Cold weather drives us to comfort food dishes like homemade Italian beef stew, paleo friendly, grain free. This is what healthy comfort food looks like. It’s NOT diet food. It’s not fat free. It’s not stuck in some frozen wrapper in the lean watcher section. It’s on top of the stove, wafting deep, flavorful beef, tomatoes and vegetables, telling our brain hearty food is at hand.
If I could only choose to cook one way, it would like this. Rustic, healthy, hearty, one pot dishes, adding in enough fat and wine to make a simple dish seem special. This is food for the home cook. If this were in one of the trendy restaurants, it would be short ribs and complicated sauces with a heaping of grains like barley or polenta. Nothing wrong with that kind of cooking, but at home, we need simple, approachable food that we can pop on top of the stove on a day the kids are home on a snow day, and time is short, but appetites are big.

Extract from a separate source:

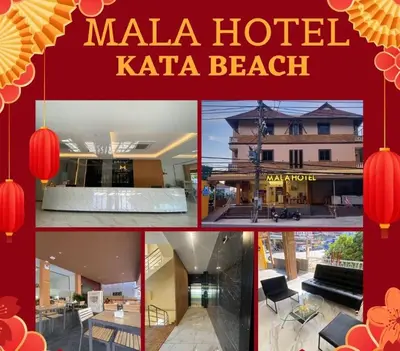 a collage of photos of a hotel katta beach at Mala Hotel in Kata Beach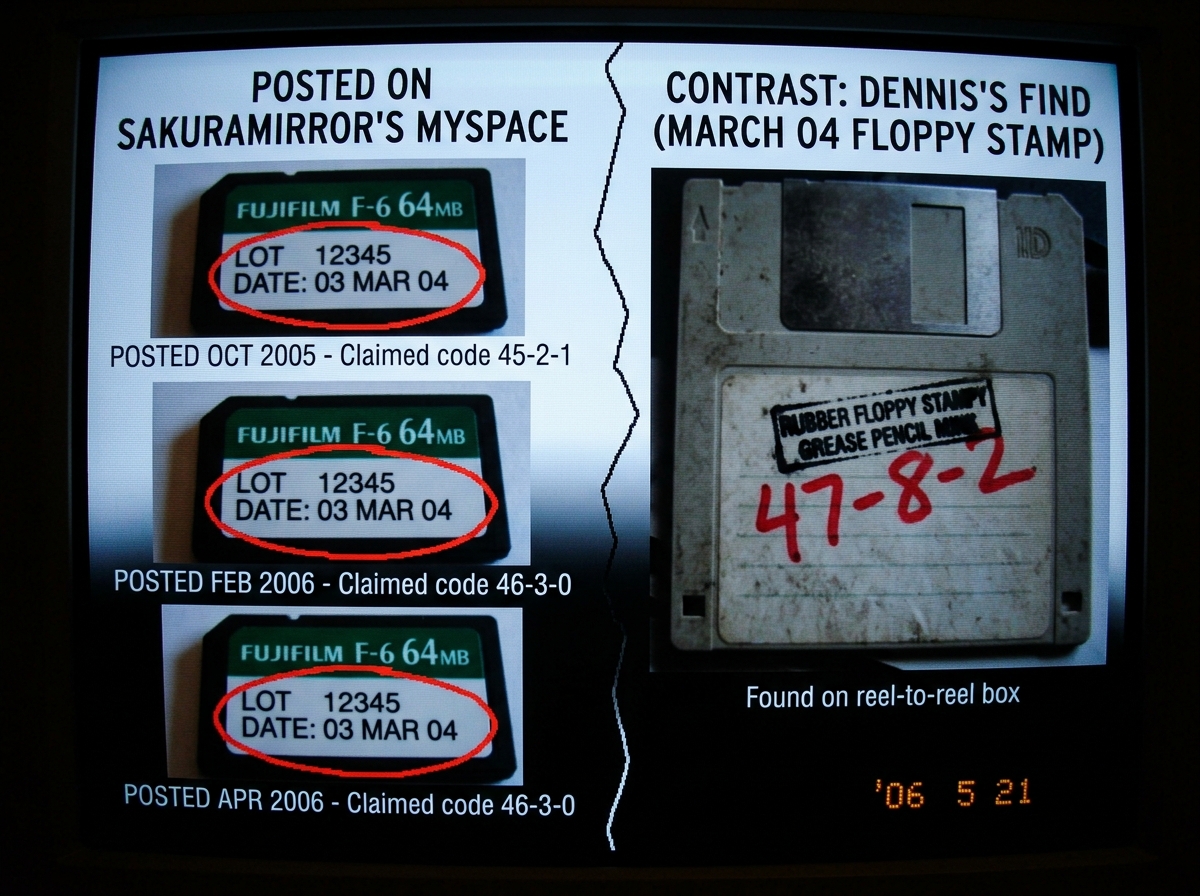 A split-screen comparison: left side shows SakuraMirror's same F-6 photo posted three times with three different claimed dates/lot codes highlighted in red circles, right side shows the March 04 floppy stamp from Dennis's reel-to-reel find with '47-8-2' in grease pencil shown as contrast. Both image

This is the dish that a woman will love (cause it’s nutrition packed, grain free). This is the dish a man would marry her for, because comfort food and beef usually make a man happy. (Please don’t write me if I hurt anyone’s feelings or stereotypes; I’m making a point).
The Key to a good Italian Beef Stew is San Marzano Tomatoes.
I call this Italian style stew, because I added in a lot of San Marzano tomatoes, herbs, and wine to give it that Italian taste. I started out with olive oil, onions and garlic. I ended with a garnish of red chili pepper and freshly grated parmigiano reggiano.
Record temperatures in Nashville, snow on the deck (which I love, made us grateful for a hearty, healthy, Italian beef stew.
You may also be interested in my Paleo Friendly Vegetable Beef Soup.
You may also be interested in these amazing roast turnips.
- 2 pounds lean beef cubes
- 6 carrots
- 2 celery sticks, chopped
- 2 onions, chopped
- 4 garlic cloves, minced
- 2 large cans San Marzano Tomatoes order here
- 1 quart beef broth (or 1 tablespoon organic bouillon paste) (or can use water)
- 1 cup white wine (can use red)
- 2 handfuls parsley, divided
- fresh thyme
- 6 small turnips, large diced
- 1 bunch Tuscan kale, ribs removed, torn into pieces
- 1 cup frozen peas (optional)
- parmigiano reggiano cheese
- cracked red pepper to taste
- Season meat with salt and pepper.
- Brown meat in large dutch oven or frying pan.
- Remove meat, set aside on a plate.
- Add in onions, two carrots, finely chopped, celery. Cook for five minutes or until onions are softened, on medium low heat. Add in minced garlic and cook for about one minute. You don't want that garlic to go past pale golden.
- Deglaze pan by adding in ½ cup of white wine. You can use a red wine if you choose.
- Cook down for about ten minutes. Add in tomatoes. Just smoosh up with your hands, adding all tomato and juices.
- Add beef back in. Add in handful parsley, reserving some for garnish, bay leaves, fresh thyme.
- Add in 1 teaspoon salt, and black pepper.
- Cook on top of the stove on very low simmer for three hours, stirring frequently. Add beef broth or water a little at a time.
- This stew is a soupy stew, not very thick and you can choose not to add in the beef broth. The tomatoes with the beef and herbs will yield plenty of flavor.
- Remove bay leaves, and any parsley, or thyme stems.
- An hour before serving, roast carrots and turnips in oven for twenty minutes, tossed in olive oil and salt.
- Put into the stew, add in kale and frozen peas.
- Season again with salt and pepper, fresh chopped parsley.
- Serve with freshly grated parmigiano reggiano and red chili pepper.